The construction industry is fraught with costly legal traps. Let us guide you around the danger spots, and take your side when trouble arises.

Youth football league tries to stem the flood of head injuries

| Jun 15, 2012 | Brain Injury |

The intensified focus on head injuries suffered by professional football players has led to a national youth football organization changing its rules, in an effort to reduce the number of brain injuries suffered by children learning the game.

Pop Warner, which operates youth leagues in football-crazed Texas, announced the rule changes earlier this week. Starting with the upcoming season in August, no physical contact will be permitted for two-thirds of every practice. The organization is also banning head-to-head contact and drills that involve full-speed collisions.

  – Article By Richard Weaver

In making its announcement, the league cited research that shows players are at the greatest risk for head injuries in practice, instead of games. In all, more than 285,000 children, ranging in ages from 5 to 15 years old, play in a Pop Warner league.

The danger for young children playing football is that their brains are still developing, and a concussion or other head injury can lead to long-term brain damage. A recent study of second-grade football players revealed that the kids were exposed to hits that were equivalent in force to those faced by college football players.

One doctor, who specializes in pediatric sports medicine, said the new rules were not enough, emphasizing that any tackling at that young of an age was dangerous.
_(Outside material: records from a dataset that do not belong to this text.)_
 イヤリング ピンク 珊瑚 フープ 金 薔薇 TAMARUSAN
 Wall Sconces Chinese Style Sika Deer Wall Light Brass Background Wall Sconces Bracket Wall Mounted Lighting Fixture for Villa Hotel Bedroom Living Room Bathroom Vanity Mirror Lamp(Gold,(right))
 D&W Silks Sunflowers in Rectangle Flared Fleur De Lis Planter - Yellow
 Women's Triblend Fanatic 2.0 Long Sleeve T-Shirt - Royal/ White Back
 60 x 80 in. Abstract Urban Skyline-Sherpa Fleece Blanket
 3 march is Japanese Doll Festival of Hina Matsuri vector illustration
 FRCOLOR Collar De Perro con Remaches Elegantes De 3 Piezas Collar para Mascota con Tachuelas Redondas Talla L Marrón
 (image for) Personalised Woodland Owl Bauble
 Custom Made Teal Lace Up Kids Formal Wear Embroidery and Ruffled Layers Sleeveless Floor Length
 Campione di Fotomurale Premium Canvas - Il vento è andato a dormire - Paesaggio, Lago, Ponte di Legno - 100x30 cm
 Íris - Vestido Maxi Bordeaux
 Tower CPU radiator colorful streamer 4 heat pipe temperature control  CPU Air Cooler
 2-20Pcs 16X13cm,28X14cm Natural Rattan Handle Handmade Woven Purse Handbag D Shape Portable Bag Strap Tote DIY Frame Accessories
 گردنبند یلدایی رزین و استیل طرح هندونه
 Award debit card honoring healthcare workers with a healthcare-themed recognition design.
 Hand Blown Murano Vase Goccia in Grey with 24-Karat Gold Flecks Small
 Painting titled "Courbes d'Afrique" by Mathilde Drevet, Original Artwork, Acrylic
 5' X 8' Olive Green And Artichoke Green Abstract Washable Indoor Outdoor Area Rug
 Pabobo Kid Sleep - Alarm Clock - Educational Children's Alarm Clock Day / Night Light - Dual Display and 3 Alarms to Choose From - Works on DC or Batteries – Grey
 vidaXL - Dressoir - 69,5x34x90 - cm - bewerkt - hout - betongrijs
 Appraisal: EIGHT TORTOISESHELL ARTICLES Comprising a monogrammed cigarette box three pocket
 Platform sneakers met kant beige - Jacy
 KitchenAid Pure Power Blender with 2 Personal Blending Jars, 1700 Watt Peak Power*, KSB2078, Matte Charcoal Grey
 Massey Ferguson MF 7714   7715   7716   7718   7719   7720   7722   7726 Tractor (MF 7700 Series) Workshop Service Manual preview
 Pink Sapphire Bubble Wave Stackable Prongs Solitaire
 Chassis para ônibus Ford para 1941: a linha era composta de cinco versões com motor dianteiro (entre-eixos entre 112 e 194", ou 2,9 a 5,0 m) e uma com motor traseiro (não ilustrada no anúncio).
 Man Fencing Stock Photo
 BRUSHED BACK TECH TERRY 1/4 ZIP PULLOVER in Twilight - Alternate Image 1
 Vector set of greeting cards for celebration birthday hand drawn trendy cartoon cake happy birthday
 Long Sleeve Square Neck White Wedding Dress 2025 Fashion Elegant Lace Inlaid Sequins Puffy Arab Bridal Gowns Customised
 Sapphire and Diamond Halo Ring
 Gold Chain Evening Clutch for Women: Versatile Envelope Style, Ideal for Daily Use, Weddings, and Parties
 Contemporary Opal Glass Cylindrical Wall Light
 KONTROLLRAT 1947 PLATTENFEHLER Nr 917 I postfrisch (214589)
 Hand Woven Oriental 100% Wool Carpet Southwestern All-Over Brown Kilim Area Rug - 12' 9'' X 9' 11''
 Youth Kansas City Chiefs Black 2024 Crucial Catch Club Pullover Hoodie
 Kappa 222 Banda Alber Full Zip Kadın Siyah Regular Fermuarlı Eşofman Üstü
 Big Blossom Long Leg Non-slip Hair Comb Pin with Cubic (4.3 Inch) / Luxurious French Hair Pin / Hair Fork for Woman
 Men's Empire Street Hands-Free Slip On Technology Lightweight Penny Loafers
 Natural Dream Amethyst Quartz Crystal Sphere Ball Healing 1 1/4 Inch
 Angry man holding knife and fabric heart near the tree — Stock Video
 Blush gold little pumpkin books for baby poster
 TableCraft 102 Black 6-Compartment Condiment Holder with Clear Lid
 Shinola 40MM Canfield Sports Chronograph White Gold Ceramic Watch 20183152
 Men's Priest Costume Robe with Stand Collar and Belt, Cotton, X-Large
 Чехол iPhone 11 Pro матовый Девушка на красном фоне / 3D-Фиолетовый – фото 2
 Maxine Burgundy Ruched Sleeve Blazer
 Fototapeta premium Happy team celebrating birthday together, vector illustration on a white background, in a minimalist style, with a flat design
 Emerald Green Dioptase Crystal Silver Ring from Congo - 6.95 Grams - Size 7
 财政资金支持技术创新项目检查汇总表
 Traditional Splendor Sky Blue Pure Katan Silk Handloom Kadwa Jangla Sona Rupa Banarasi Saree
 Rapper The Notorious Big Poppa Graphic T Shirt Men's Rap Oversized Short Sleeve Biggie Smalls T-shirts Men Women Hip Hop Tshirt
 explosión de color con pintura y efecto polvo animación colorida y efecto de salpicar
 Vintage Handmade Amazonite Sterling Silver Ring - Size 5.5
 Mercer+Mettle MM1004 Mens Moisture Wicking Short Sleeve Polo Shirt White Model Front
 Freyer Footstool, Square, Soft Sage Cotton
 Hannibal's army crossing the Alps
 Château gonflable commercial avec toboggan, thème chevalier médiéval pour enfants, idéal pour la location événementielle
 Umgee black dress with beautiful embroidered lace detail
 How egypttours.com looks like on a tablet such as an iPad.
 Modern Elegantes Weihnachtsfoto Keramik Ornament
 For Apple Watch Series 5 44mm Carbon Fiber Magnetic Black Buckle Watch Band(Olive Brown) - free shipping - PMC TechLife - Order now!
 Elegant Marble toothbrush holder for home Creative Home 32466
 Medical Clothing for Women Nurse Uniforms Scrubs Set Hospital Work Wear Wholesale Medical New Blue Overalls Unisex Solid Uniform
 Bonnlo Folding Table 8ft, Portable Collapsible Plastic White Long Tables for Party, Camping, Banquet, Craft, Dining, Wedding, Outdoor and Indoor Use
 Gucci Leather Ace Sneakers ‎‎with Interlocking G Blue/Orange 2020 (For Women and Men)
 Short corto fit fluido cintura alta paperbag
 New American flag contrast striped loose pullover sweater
He said that children should focus on skills such as passing and catching instead of tackling.

Head injuries are currently in the spotlight for the National Football League, which is facing a lawsuit from more than 2,000 former players that alleges the league hid information about the link between head shots and concussions.

And while Pop Warner should be commended for the rule changes, it likely provides little comfort to a parent whose child already suffers from brain damage because of football-related hits.